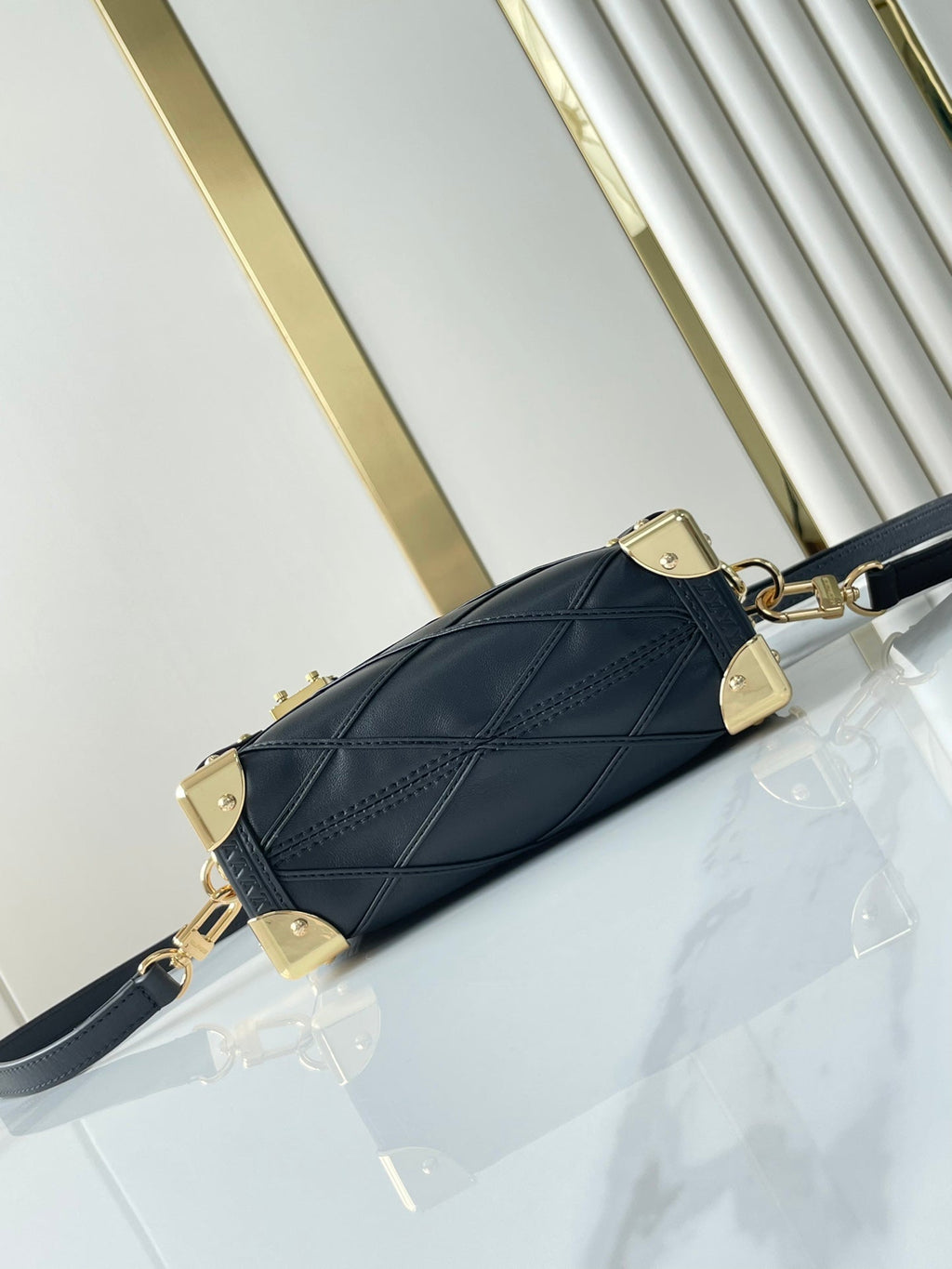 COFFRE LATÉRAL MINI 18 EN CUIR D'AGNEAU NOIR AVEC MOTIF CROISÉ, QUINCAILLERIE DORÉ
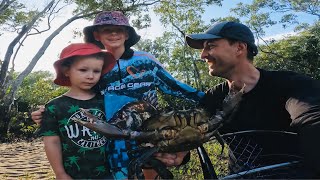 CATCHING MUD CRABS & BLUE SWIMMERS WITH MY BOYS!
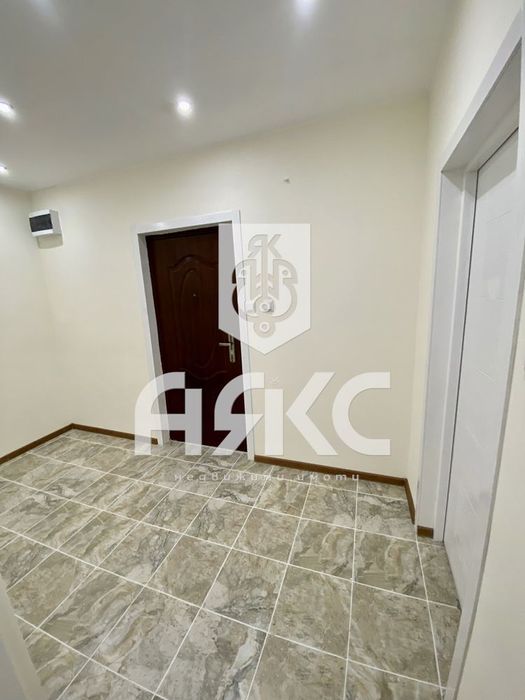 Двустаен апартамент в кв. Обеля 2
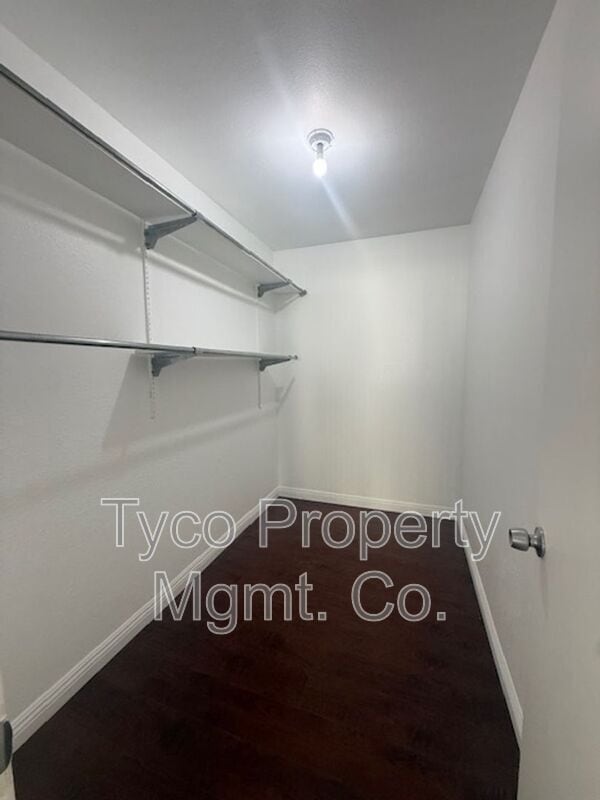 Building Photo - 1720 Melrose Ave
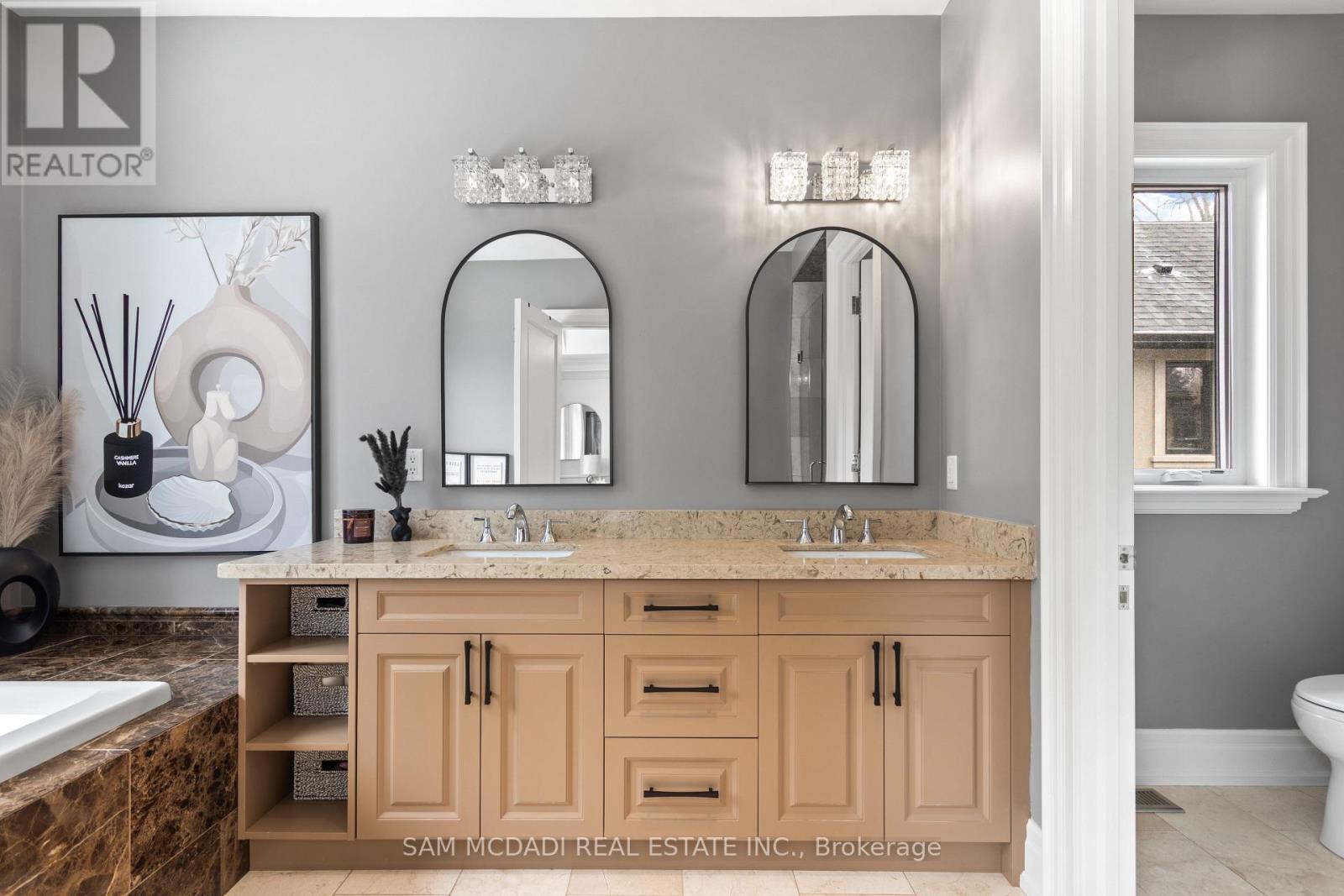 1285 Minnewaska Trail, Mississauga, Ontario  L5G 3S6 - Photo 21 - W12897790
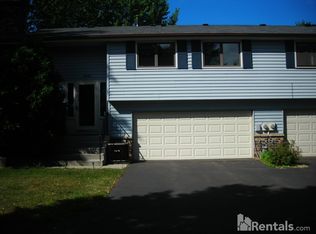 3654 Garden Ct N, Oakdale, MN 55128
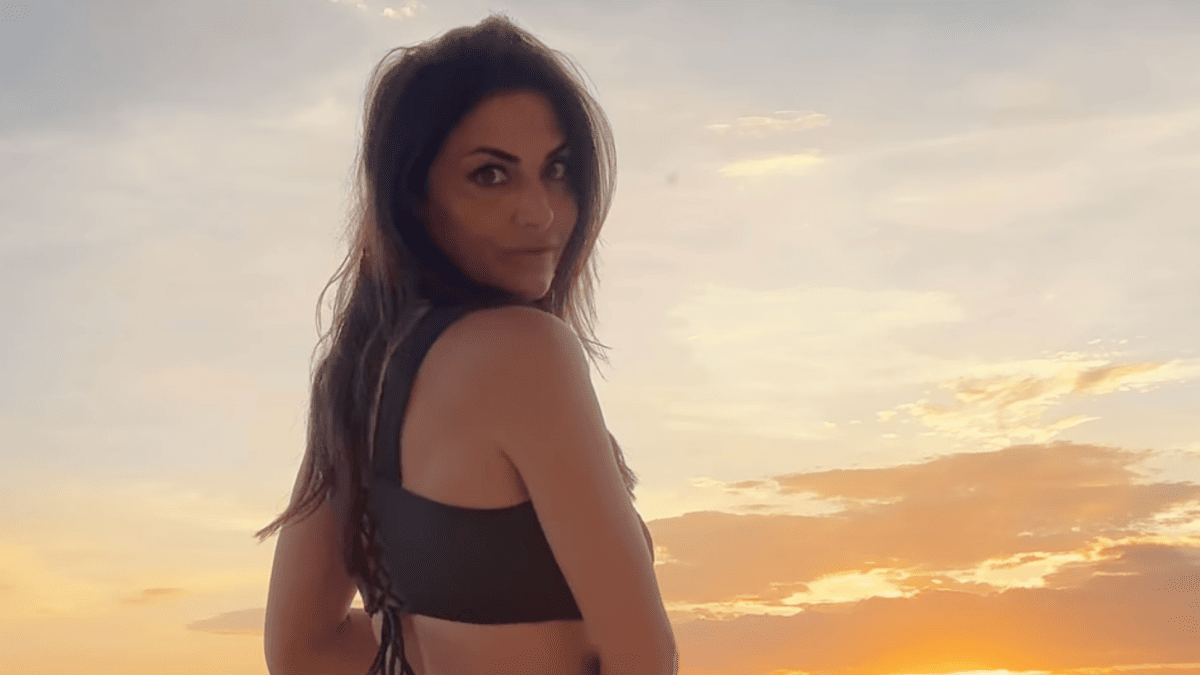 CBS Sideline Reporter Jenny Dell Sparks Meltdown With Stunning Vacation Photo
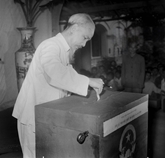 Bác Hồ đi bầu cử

---

> THE PROBLEM:
The copy should run from the first line of the material above through the line with "1285 Minnewaska Trail, Mississauga, Ontario", repeated exactly and without pictures.

> WRITTEN SOLUTION:
 COFFRE LATÉRAL MINI 18 EN CUIR D'AGNEAU NOIR AVEC MOTIF CROISÉ, QUINCAILLERIE DORÉ
 CATCHING MUD CRABS & BLUE SWIMMERS WITH MY BOYS!
 Двустаен апартамент в кв. Обеля 2
 Building Photo - 1720 Melrose Ave
 1285 Minnewaska Trail, Mississauga, Ontario  L5G 3S6 - Photo 21 - W12897790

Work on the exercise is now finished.